What is required — Look through the listing below for the line containing "OCR wireless scanner". Copy it and each line after it up to and including the line containing "Medaillon Nachthemd Damen", exactly, leaving out pictures.

Top of Entries supplied

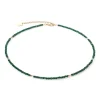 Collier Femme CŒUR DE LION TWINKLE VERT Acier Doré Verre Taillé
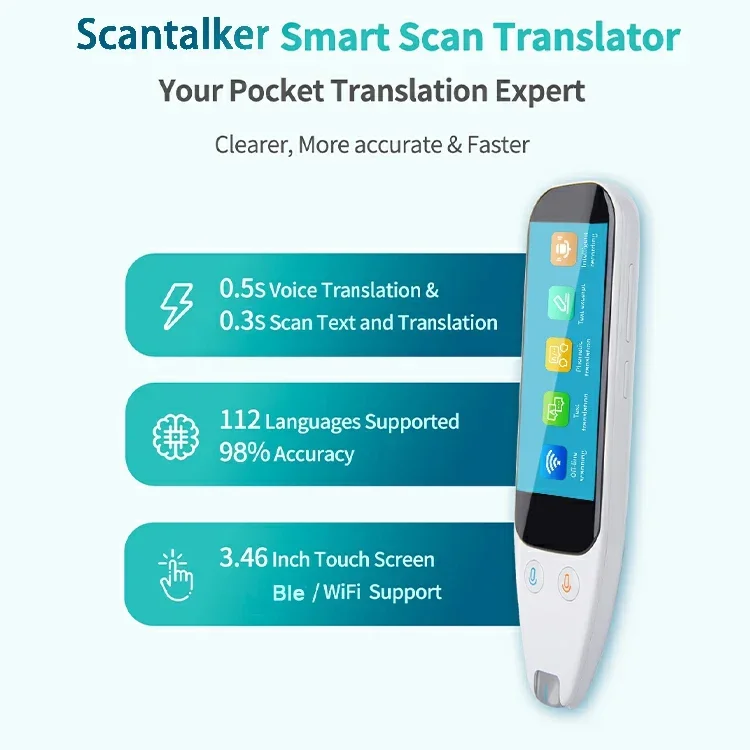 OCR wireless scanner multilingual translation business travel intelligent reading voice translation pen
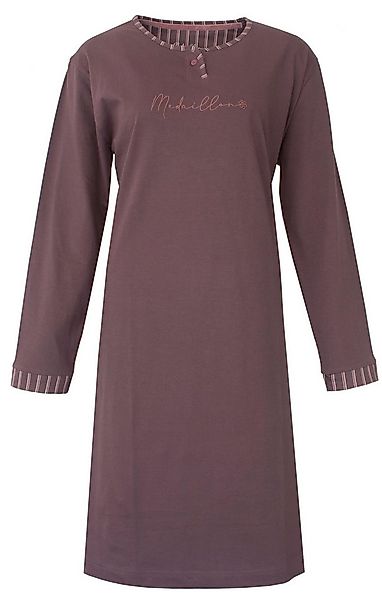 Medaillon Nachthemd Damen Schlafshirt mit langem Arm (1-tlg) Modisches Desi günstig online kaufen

Bottom of Entries supplied
Top of Entries supplied

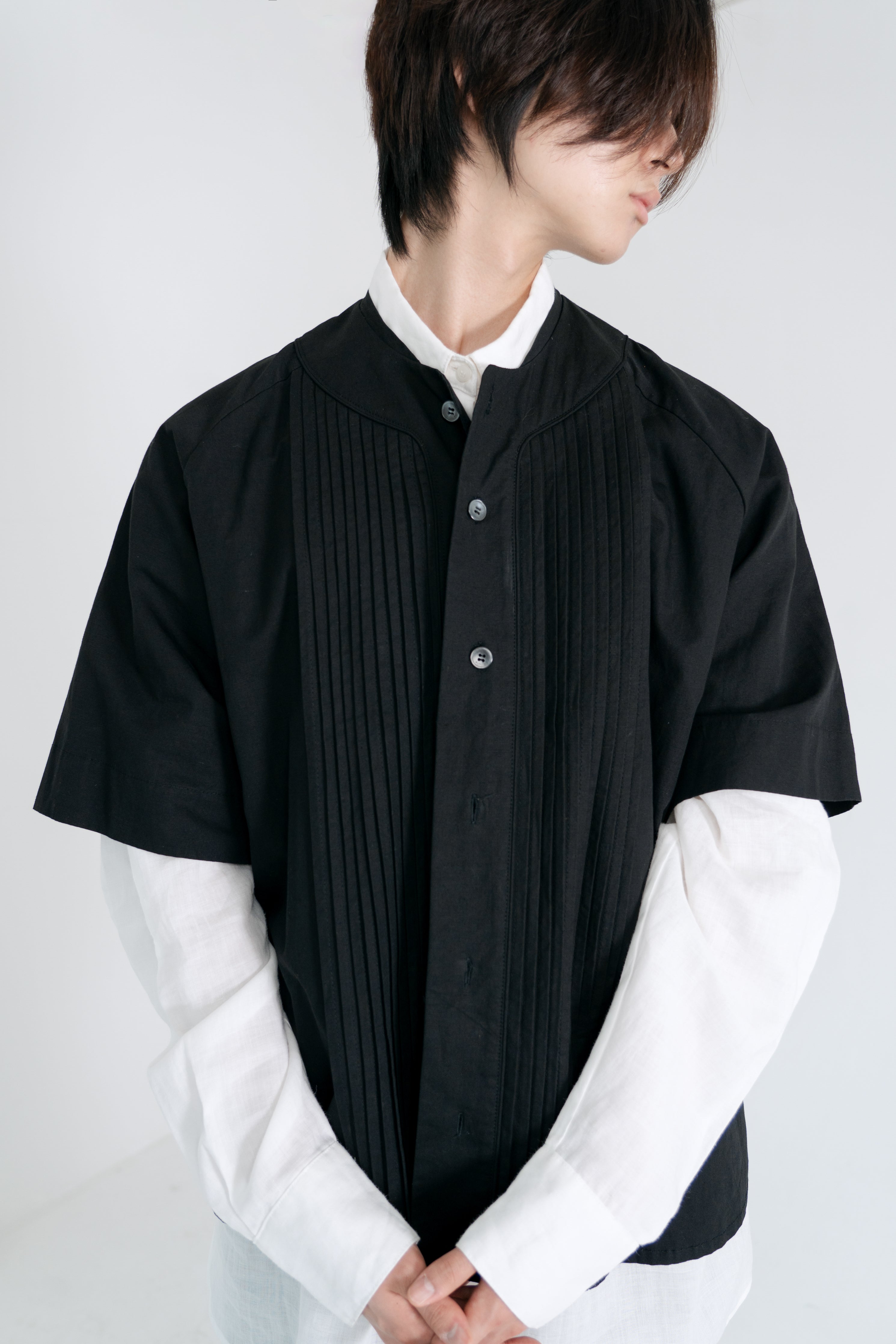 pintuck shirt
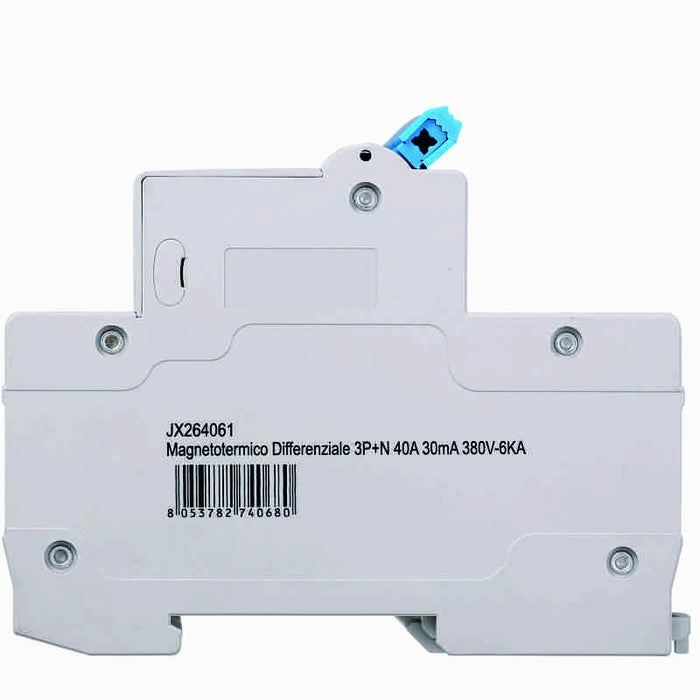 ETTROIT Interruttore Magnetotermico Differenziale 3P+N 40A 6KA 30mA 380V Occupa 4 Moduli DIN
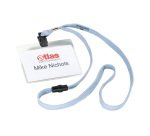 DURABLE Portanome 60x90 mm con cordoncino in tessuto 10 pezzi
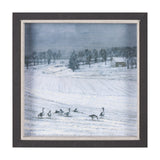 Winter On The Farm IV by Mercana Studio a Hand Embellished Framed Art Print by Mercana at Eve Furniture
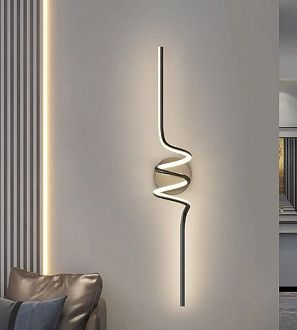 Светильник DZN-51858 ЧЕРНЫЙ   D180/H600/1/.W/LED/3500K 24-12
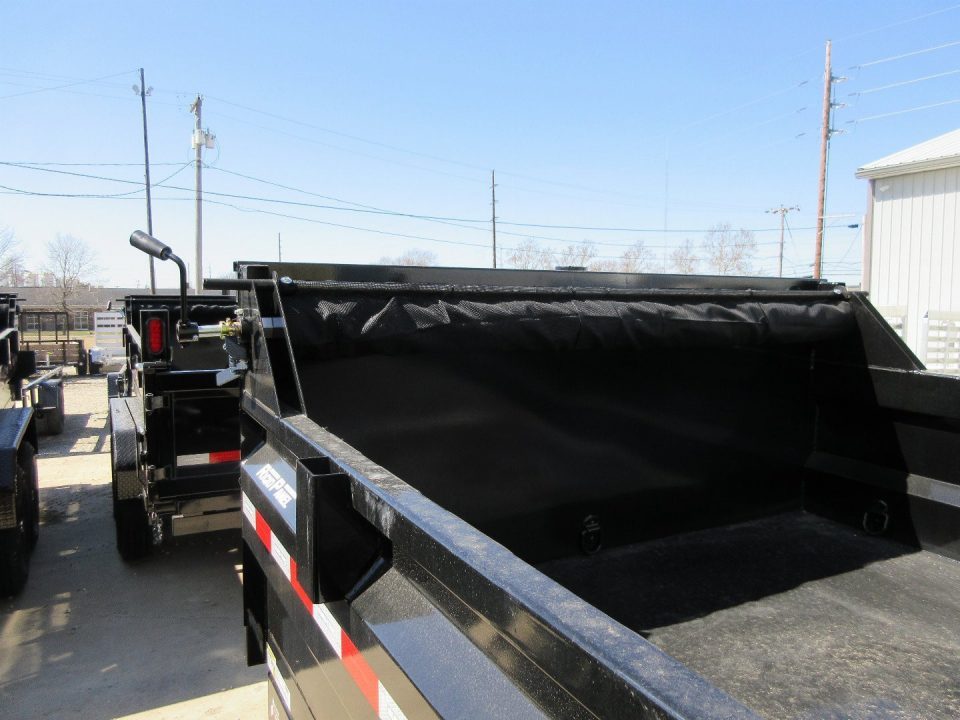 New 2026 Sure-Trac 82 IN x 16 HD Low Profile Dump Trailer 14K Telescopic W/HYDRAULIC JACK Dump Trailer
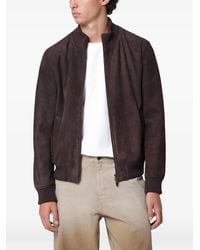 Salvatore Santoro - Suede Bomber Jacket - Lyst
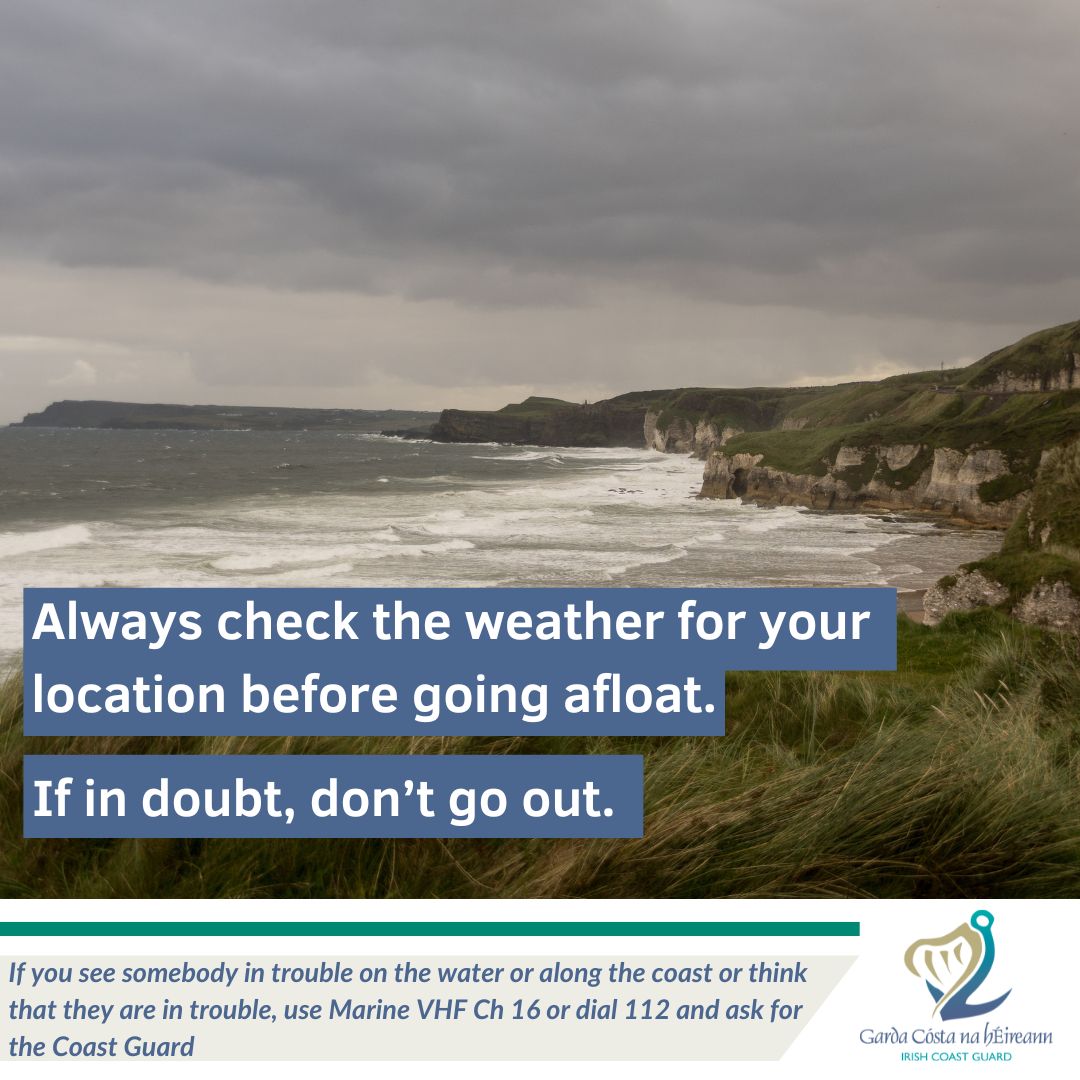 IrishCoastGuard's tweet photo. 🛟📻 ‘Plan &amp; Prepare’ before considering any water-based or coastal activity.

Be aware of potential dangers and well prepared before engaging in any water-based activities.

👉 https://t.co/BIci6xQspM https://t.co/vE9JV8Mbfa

Bottom of Entries supplied

Solution to this problem —
 OCR wireless scanner multilingual translation business travel intelligent reading voice translation pen
 Medaillon Nachthemd Damen Schlafshirt mit langem Arm (1-tlg) Modisches Desi günstig online kaufen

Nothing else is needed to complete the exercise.